L'homme de 50 ans, Abdul Hamid S., aurait en tant que conseiller culturel et linguistique auprès de l'armée allemande "transmis des informations à un service de renseignement iranien", précise le parquet général de Karlsruhe dans un communiqué.
L'intéressé, interpellé en Rhénanie dans l'ouest du pays, doit être présenté mardi devant un juge qui doit statuer sur sa détention, ajoute le Parquet. Un mandat d'arrêt avait été émis contre lui le 6 décembre.
Le suspect aurait transmis des "informations hautement sensibles" aux services secrets iraniens pour lesquels il travaillait depuis plusieurs années, affirme Der Spiegel, sans citer ses sources.
Dans sa fonction, il avait notamment accès à des informations ayant trait aux interventions des troupes en Afghanistan, selon l'édition en ligne du magazine.
Dans son passé récent, l'Allemagne a connu quelques affaires retentissantes d'espionnage.

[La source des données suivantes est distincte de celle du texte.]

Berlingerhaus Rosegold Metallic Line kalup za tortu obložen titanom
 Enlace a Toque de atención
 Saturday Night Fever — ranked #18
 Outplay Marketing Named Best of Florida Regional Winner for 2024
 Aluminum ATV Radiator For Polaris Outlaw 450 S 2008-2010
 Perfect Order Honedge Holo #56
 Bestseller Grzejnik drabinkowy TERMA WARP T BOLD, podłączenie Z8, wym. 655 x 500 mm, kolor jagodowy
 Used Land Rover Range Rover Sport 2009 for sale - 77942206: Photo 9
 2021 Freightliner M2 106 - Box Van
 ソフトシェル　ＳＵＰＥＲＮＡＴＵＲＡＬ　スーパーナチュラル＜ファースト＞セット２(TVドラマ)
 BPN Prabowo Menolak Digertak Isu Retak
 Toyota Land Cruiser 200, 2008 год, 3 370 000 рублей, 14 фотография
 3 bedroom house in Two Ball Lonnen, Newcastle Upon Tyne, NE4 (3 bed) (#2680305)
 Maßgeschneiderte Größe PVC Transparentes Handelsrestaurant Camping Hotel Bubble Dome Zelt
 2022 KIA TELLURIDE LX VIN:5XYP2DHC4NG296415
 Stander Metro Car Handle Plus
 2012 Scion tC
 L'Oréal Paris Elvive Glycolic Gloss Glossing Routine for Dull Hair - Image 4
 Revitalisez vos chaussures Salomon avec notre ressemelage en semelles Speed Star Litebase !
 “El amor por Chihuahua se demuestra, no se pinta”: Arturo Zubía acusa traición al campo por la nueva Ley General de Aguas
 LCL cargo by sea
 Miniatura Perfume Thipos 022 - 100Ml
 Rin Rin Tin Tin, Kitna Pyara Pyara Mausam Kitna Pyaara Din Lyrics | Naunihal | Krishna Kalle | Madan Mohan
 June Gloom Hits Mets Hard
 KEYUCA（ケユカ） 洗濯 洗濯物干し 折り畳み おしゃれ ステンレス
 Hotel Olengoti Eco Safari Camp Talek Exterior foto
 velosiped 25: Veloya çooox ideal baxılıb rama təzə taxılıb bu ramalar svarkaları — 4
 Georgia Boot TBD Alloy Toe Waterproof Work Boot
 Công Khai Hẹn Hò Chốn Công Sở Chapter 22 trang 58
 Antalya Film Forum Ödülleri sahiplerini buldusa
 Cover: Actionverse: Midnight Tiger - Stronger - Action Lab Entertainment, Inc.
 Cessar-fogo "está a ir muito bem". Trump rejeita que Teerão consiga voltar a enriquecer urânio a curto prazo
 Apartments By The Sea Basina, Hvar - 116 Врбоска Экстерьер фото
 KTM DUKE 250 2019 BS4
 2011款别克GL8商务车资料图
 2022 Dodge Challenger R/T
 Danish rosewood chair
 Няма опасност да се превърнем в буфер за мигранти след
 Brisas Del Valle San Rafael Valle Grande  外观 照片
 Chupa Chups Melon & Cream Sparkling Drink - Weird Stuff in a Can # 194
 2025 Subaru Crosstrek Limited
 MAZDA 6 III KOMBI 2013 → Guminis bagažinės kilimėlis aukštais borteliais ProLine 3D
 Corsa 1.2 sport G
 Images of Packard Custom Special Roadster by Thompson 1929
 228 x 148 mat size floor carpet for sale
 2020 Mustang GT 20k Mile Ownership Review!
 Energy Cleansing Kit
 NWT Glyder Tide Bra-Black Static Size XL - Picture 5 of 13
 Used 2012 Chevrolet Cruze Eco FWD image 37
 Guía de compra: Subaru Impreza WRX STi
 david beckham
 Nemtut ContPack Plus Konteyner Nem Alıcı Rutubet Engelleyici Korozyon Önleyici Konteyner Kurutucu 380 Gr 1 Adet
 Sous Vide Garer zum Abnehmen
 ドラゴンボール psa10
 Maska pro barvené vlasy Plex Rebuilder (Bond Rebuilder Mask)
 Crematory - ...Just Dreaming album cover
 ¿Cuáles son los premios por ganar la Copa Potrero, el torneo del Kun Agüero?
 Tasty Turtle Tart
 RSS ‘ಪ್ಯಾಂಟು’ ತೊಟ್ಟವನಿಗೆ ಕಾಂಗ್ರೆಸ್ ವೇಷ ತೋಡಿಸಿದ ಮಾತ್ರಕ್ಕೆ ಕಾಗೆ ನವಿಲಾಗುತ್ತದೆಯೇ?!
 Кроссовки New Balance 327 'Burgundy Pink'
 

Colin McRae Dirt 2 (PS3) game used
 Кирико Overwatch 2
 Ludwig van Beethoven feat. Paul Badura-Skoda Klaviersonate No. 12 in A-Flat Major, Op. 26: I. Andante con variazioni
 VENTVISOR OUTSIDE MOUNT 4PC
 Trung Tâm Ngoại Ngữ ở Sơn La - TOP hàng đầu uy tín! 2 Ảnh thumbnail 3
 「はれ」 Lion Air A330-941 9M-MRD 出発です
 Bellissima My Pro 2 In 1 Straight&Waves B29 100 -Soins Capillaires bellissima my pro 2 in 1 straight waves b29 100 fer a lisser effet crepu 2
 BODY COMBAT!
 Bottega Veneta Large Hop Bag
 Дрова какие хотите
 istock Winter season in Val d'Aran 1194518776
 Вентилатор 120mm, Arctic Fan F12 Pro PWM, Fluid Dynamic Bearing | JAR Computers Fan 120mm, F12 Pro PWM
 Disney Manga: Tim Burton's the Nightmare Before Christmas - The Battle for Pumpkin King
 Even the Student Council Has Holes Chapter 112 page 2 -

En 2016, Markus Reichel, un ex-agent des services secrets allemands (BND), avait été condamné à 8 huit ans de prison pour "haute trahison" après avoir été reconnu coupable de collaboration avec la CIA et la Russie.
En 2011, la justice avait également arrêté puis condamné à des peines de prison un couple marié soupçonné d'avoir espionné pour les services secrets russes pendant plus de 20 ans.
Cet homme et cette femme, de nationalité russe, s'étaient installés en Allemagne grâce à de faux papiers, et avaient mené une vie ordinaire pour cacher leur travail d'agents secrets.
La justice les a reconnus coupables d'espionnage pour le compte du KGB, les services de renseignements extérieurs de l'Union soviétique, puis de son successeur russe le SVR.